If the locomotive principle of train operation were adopted, therefore, it is obvious that it would be necessary to employ a lower rate of acceleration for express trains.  This could be attained without very material sacrifice of average speed, since the average distance between express stations is nearly two miles.  In the case of local trains, however, which average nearly three stops per mile, no considerable reduction in the acceleration is possible without a material reduction in average speed.  The weight of a local train exceeds the weight of five trail cars, similarly loaded, by 33 net tons, and equivalent adhesion and acceleration would require locomotives having not less than 80 net tons effective upon drivers.

[Sidenote:  Switching]

The multiple unit system adopted possesses material advantages over a locomotive system in respect to switching at terminals.  Some of the express trains in rush hours will comprise eight cars, but at certain times during the day and night when the number of people requiring transportation is less than during the morning and evening, and were locomotives used an enormous amount of switching, coupling and uncoupling would be involved by the comparative frequent changes of train lengths.  In an eight-car multiple-unit express train, the first, third, fifth, sixth, and eighth cars will be motor cars, while the second, fourth, and seventh will be trail cars.  An eight-car train can be reduced, therefore, to a six-car train by uncoupling two cars from either end, to a five-car train by uncoupling three cars from the rear end, or to a three-car train by uncoupling five cars from either end.  In each case a motor car will remain at each end of the reduced train.  In like manner, a five-car local train may be reduced to three cars, still leaving a motor car at each end by uncoupling two cars from either end, since in the normal five-car local train the first, third, and fifth cars will be motor cars.

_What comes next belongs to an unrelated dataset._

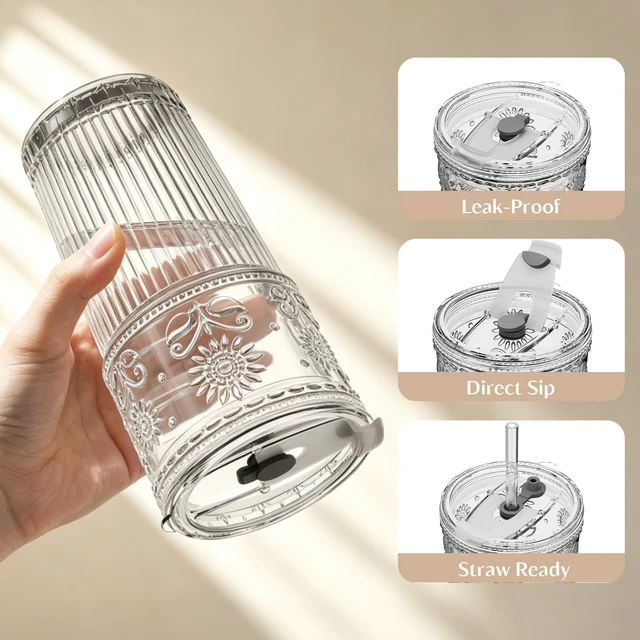 Alt view image 5 of 7 - 20 oz Iced Coffee Cups with Lids and Straw, Set of 4 Glass Tumbler | Sunflower Glass for Iced Coffee, Matcha, Smoothie, Milk and Water, Fits Most Car Cup Holders, BPA-Free, Dishwasher-Safe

[Illustration:  200 H. P. RAILWAY MOTOR]

[Sidenote:  Motors]

The motors are of the direct current series type and are rated 200 horse power each.  They have been especially designed for the subway service in line with specifications prepared by engineers of the Interborough Company, and will operate at an average effective potential of 570 volts.  They are supplied by two manufacturers and differ in respect to important features of design and construction, but both are believed to be thoroughly adequate for the intended service.